La trama ed i personaggi sono stereotipati e categorizzati, la complessità dell’animo umano rimane aggrappata a quelle “cinquanta sfumature” che in realtà sono solamente un titolo, delle quali non emerge nulla nella strutturazione dei personaggi. Ci sono solo bianchi e neri, niente grigi. Lei è imbranata, ingenua, carina, innocente, fortunata; lui bellissssssimo, ricchisssssssimo, vincente, potente, disturbato e sofferente. Quale originalità in tutto questo? Persone così semplicisticamente raccontate si trovano in Biancaneve e Cenerentola, quando si ha l’età mentale che necessita lo sviluppo di competenze che permettano di costruire categorie, quindi bene/male, bello/brutto, giusto/sbagliato.
Poi impariamo che è tutto molto più complicato, diversificato, misterioso.
Allora perchè questo successo dirompente? Molte dicono: “volevo leggere qualcosa di leggero, poco impegnativo, è stato piacevole!”.
Mah, in un rapporto dominatore-sottomessa con tanto di vergate e manette non ci trovo tutta ‘sta leggerezza. Certo, non è impegnativo come leggere il caro Dante, che però tanto stimola l’immaginario erotico con il suo “Galeotto fu ‘l libro e chi lo scrisse: quel giorno più non vi leggemmo avante”.
Una possibile spiegazione che mi si è palesata l’altra sera, pensando a quanto tale Anastasia, protagonista del libro, volesse fare del sano sesso “normale”, è che il punto nodale della questione è proprio lì, nel fatto che a lei la sottomissione sessuale non piacesse, nonostante i ripetuti orgasmi e orgasmi e orgasmi.

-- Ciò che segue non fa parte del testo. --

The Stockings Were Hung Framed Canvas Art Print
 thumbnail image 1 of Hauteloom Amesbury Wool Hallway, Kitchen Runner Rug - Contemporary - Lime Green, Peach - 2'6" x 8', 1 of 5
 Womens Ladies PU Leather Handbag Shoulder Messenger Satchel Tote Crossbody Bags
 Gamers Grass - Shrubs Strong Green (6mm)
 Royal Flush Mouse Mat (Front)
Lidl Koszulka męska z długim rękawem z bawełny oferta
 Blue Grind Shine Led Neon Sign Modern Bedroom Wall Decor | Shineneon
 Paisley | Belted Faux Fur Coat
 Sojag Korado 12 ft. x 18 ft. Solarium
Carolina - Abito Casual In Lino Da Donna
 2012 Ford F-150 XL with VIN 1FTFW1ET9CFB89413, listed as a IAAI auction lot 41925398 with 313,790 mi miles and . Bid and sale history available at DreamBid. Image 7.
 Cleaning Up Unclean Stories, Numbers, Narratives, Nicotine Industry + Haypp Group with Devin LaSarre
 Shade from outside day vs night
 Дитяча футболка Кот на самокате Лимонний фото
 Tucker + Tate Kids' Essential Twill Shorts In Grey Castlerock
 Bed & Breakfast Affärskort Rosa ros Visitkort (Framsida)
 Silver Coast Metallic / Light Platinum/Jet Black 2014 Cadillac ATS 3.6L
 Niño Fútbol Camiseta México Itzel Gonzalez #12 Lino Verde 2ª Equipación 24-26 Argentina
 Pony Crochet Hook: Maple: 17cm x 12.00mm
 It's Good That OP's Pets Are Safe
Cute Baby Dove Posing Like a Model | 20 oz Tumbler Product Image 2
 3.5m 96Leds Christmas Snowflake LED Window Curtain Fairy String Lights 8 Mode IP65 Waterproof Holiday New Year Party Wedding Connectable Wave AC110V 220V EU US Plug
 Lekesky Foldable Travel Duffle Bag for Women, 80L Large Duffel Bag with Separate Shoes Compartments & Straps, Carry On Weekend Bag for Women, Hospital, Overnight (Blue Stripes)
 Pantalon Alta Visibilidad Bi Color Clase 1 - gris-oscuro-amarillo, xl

Tra due adulti consenzienti e desiderosi di condividere tale esperienza, il problema non si pone.

Invece la pulzella si sacrifica, e vuole salvarlo.
Certo, dice che vogliono cose diverse, cercano cose diverse, ma lei in cuor suo sa già che tenterà di salvarlo da questa sua “perversione” che nasconde ferite profonde (dell’anima).
Credo che il successo di questo libro sia legato all’illusione di poter salvare un uomo, e di cambiarlo.

Ah, che nutrimento narcisistico per noi povere ragazze che ci scontriamo ogni giorno con il fallimento di tutti i nostri miseri tentativi salvifici verso i nostri uomini sempre più esausti!
Condisci questo copione relazionale sempiterno con un po’ di sesso, ambiguità, lusso e bellezza ed il gioco è fatto.
Scommetto che c’è il lieto fine, per lei, intendo, dubito che la trilogia si concluda con una bella terapia di coppia decennale!